Sir Adam Otterburn of Auldhame and Redhall (died 6 July 1548) was a Scottish lawyer and diplomat. He was king's advocate to King James V and secretary to Mary of Guise and Regent Arran.

In 1527 Otterburn was one of 30 councillors appointed to sit on the Session.

==The King's lawyer==
===The law brought against the Douglas family===
Adam Otterburn was an important servant of the Scottish monarchy as a lawyer and a diplomat. In August 1524, Margaret Tudor sent him to England with the Earl of Cassilis and Scot of Balwearie to negotiate peace, and a possible marriage for James V with Princess Mary. In May 1525, the English ambassador Dr Thomas Magnus recommended him to Cardinal Thomas Wolsey for an annual pension of £20. In 1528, Magnus and Otterburn again discussed the possibilities of a marriage between James V and Princess Mary.

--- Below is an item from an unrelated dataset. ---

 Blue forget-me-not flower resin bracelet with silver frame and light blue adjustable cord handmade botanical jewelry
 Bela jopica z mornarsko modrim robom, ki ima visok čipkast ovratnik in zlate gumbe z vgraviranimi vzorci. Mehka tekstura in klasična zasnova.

When James V assumed the throne as an adult ruler and rejected the Douglases and their associates, Otterburn drew up charges of treason against them on 13 July 1529. On 8 November 1529, he was one of the Scottish commissioners who met English diplomats at Berwick-upon-Tweed. This meeting discussed the possible restoration of the Earl of Angus, an issue which Henry VIII could use as leverage to decide James's choice of future bride. A five-year truce was concluded and the Douglases were to go into English exile.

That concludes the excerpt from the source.